As NASA prepares for the ambitious goal of landing a person on the moon within five years, a conference from the Universities Space Research Association (USRA) discussed how the past will inform future lunar plans.
The conference, "Exploring New Space Frontiers," broadcast live from Washington, D.C., Tuesday (April 23) to celebrate USRA's 50th anniversary. This event included speakers who had worked during the Apollo era, or who were inspired by the Apollo era, pulling those accomplishments into a modern context.
One of the speakers worked behind the scenes for decades. Christine Darden received a standing ovation after narrating her journey from Monroe, North Carolina (a small town that had little mathematics instruction for students) to NASA's Langley Research Center for a job in 1967, as Apollo was beginning. She began at NASA as one of a number of black women working as human computers, one of the few jobs open to people of color at the time.
Her career overlaps with the time period described in the 2016 book "Hidden Figures" (William Morrow, 2016) and the movie based on it. Both followed which was later adapted as a movie. Both highlighted the black women at Langley who worked as computers in that era.
After five years' work, Darden asked her boss about a transfer to an engineering group and was refused. Darden thought about his answer carefully, then took a career risk: She asked her boss's boss, a director, why men could do that job and not women.
Darden was prepared to go back to her original job, teaching, if she was fired from NASA, but the response from the director was simple: No one had asked that question before. She was promptly transferred. Darden worked on many supersonic projects with the engineering group, and in her retirement, she now gives speeches to public school students about how to pursue their dreams.
She explained that it was through taking extra classes, and through attending faraway training opportunities while teaching full time, that she picked up the qualifications to work at NASA. She called for giving as many opportunities as possible to young people.
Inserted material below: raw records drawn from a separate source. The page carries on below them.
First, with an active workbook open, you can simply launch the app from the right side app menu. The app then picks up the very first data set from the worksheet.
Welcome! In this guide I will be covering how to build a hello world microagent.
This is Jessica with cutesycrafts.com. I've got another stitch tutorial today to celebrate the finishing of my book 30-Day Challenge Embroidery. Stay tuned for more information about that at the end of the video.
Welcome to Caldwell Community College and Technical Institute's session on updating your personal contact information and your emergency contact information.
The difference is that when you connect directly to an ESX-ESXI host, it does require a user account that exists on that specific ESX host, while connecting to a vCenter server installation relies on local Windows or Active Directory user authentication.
"We do need our young, bright people prepared to do work in space, and that's all of our students," she said. "We need to include our public schools. We need them to be top notch, and we need our teachers to be qualified."
Another speaker was on the front lines of Apollo science: Harrison (Jack) Schmitt, a geologist-astronaut who flew to the moon's Taurus-Littrow highlands with Eugene Cernan in 1972 as a part of the Apollo 17 mission. Schmitt is the only scientist to practice his craft directly on another world. He gave a narration of that mission, occasionally pointing to lessons from it that NASA could use today.
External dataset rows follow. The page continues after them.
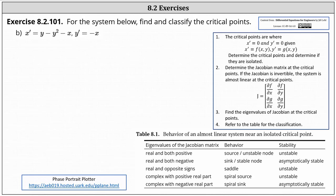We're given a system of nonlinear differential equations and asked to find and classify the critical points. We have x prime equals y minus y squared minus x, and y prime equals negative x, where x prime equals f of x comma y and y prime equals g of x comma y.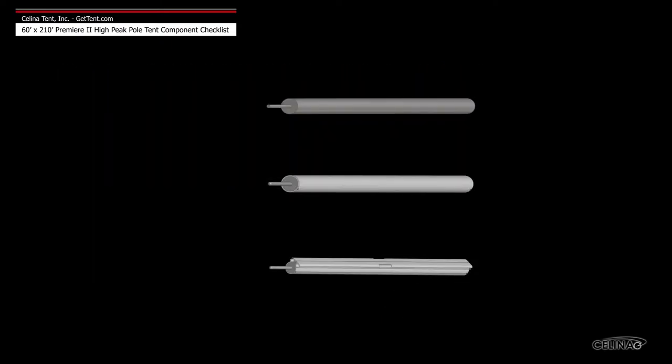Celina side poles are available in three types: galvanized steel, anodized aluminum, and anodized aluminum keter track.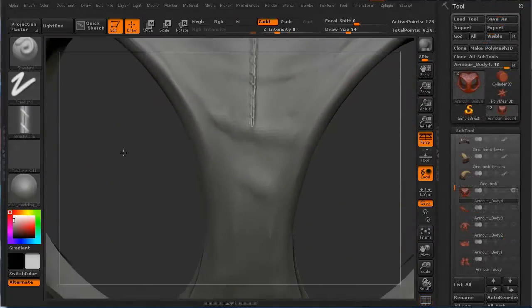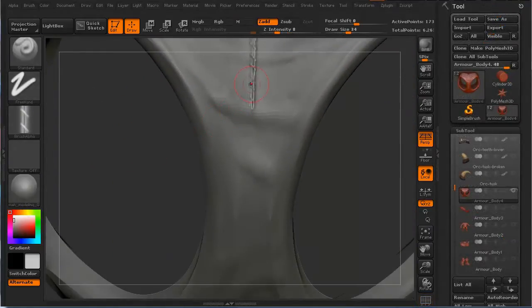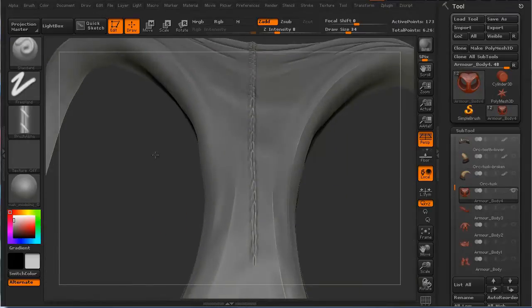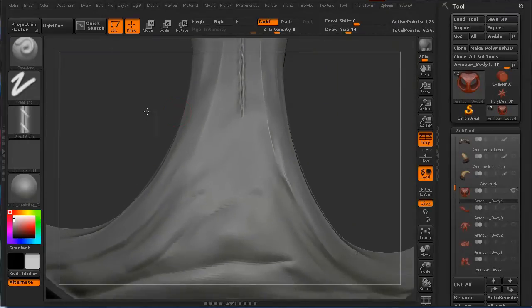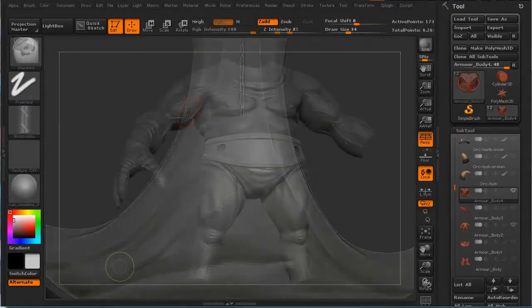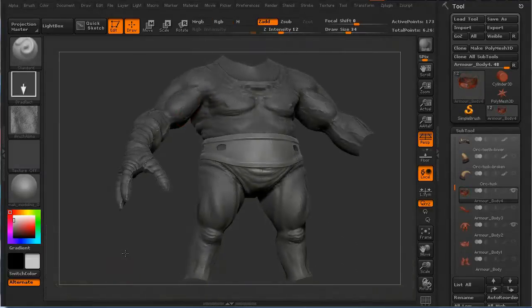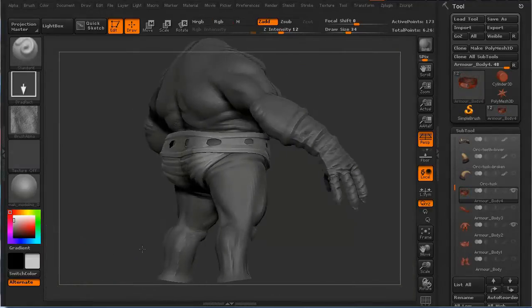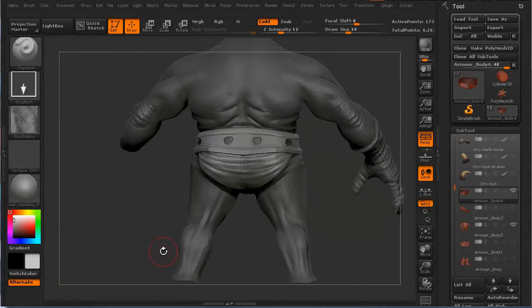We're then going to go ahead and start our next gen detailing. We'll start with the shorts first and we'll use an alpha to create seams in the leather itself. We'll then check the model using a couple different materials and look at different angles to make sure it's looking pretty good.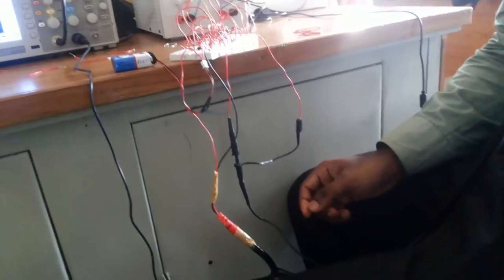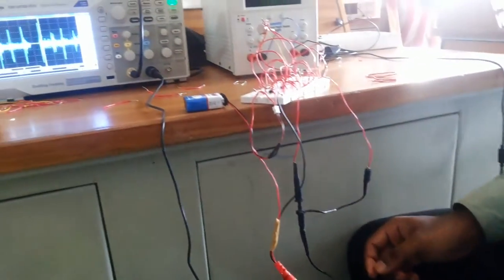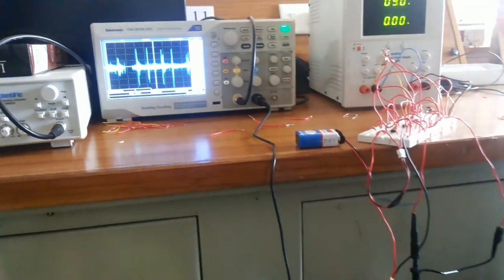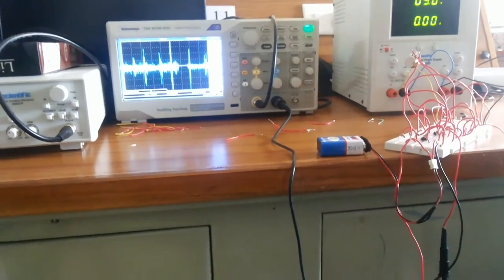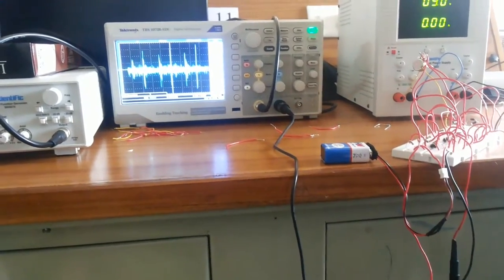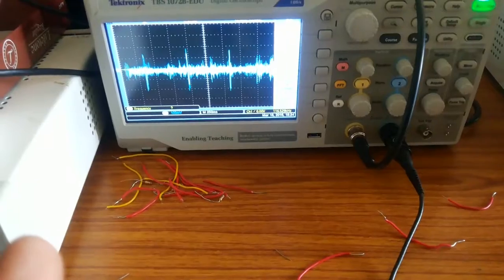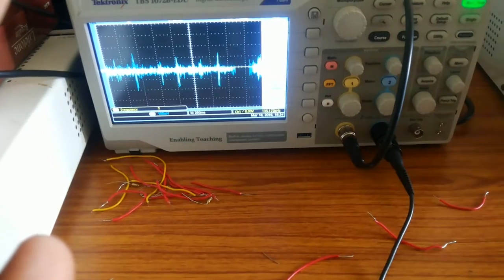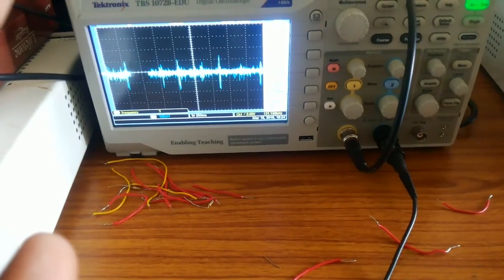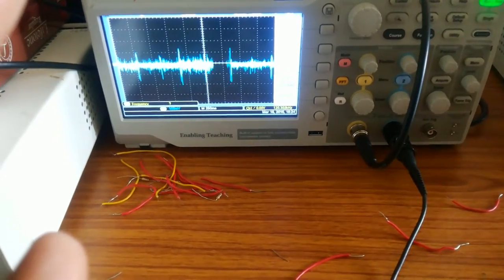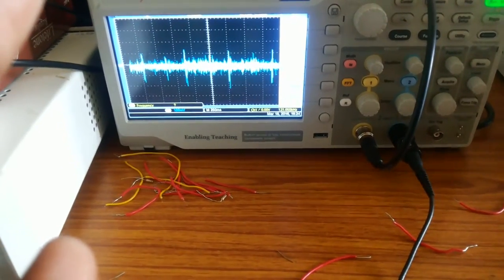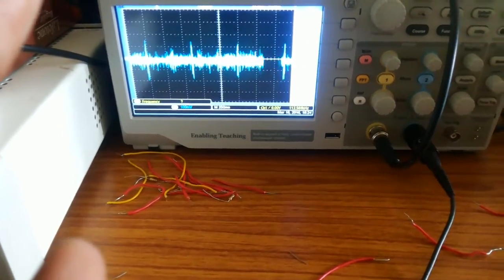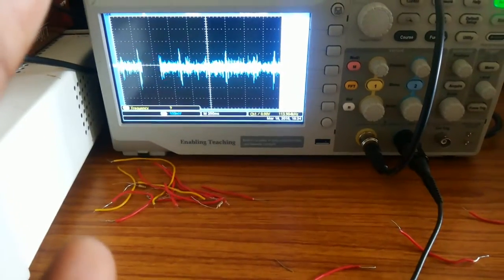The filtered signals are then amplified by variable gain amplifier. These signals are acquired as signals in CRO. We can observe S1, S2 peaks in the output. We can even modify this project by interfacing with LabVIEW software.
Schmitt found orange soil on the moon that consisted of volcanic glass beads; decades later, scientists analyzing samples from that region discovered that there were also water molecules, invisible to instruments in the 1970s. Schmitt, 83, continues working on the science. Recently, with the help of friends familiar with extracting subtle color information from pictures, he released a brand-new image of the orange soil showing vivid hues of orange and red never captured in NASA pictures before.
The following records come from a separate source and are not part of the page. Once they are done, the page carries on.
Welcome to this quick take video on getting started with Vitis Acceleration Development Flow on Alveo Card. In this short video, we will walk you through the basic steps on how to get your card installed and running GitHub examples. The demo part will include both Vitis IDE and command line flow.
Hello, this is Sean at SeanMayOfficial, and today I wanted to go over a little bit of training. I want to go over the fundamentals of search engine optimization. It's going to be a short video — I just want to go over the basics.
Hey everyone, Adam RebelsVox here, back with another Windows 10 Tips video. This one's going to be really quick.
"I finally got the colors right," Schmitt said.
In his talk, he sprinkled in tips for future moon explorers: Make sure you have a big rocket like the Saturn V, hire management that is young and ready to adapt to situations quickly, and keep looking back at the old samples that the Apollo astronauts picked up between 1969 and 1972. "I don't recommend that as your only mission," Schmitt added, explaining that he would like new samples collected as well.
As for what modern moon exploration could look like, Scott Pace, the National Space Council's executive director, gave some recommendations for explorers to consider. But before he did that, he squashed the old argument that we've been to the moon before and, therefore, have no need to return. "Maybe your grandfather did that, or your Ph.D. dissertation advisor did that, but a new generation has not journeyed beyond low Earth orbit in a very, very long time," he said.
The key to a successful lunar return will be thinking smartly and building a sustainable architecture, he added. One step would be to create an orbiting fuel depot — a possible function for NASA's planned Gateway space station — for missions to the moon and Mars, he said. He also called for a network of private entrepreneurs, universities and governments working collectively, each contributing via its own field of expertise.
"We need science guided by the community," Pace said, referring obliquely to the decadal surveys and other methods that NASA and other science agencies use to guide their program planning. One recommendation he relayed from the community was to build a station at the lunar south pole, where there is more continuous sunlight and thus less stress on machinery from day-night cycles.
Pace acknowledged that a five-year deadline for a human landing is tight, but added it has one advantage over a decadeslong cadence of launches: "You need focus and priority — you cannot be snared in options. There's a clarifying nature to having a near-term stressing goal," he said.
USRA was established in 1969 to help scientists and scholars study the lunar rocks and regolith (soil) that astronauts trucked back from the moon, between 1969 and 1972. The group's 50th anniversary this year coincides with the 50th anniversary of the first moon landing, which falls on July 20. USRA's mandate today is greatly expanded to include matters such as education programs, aerospace policies, and operating and managing a number of facilities through partnerships.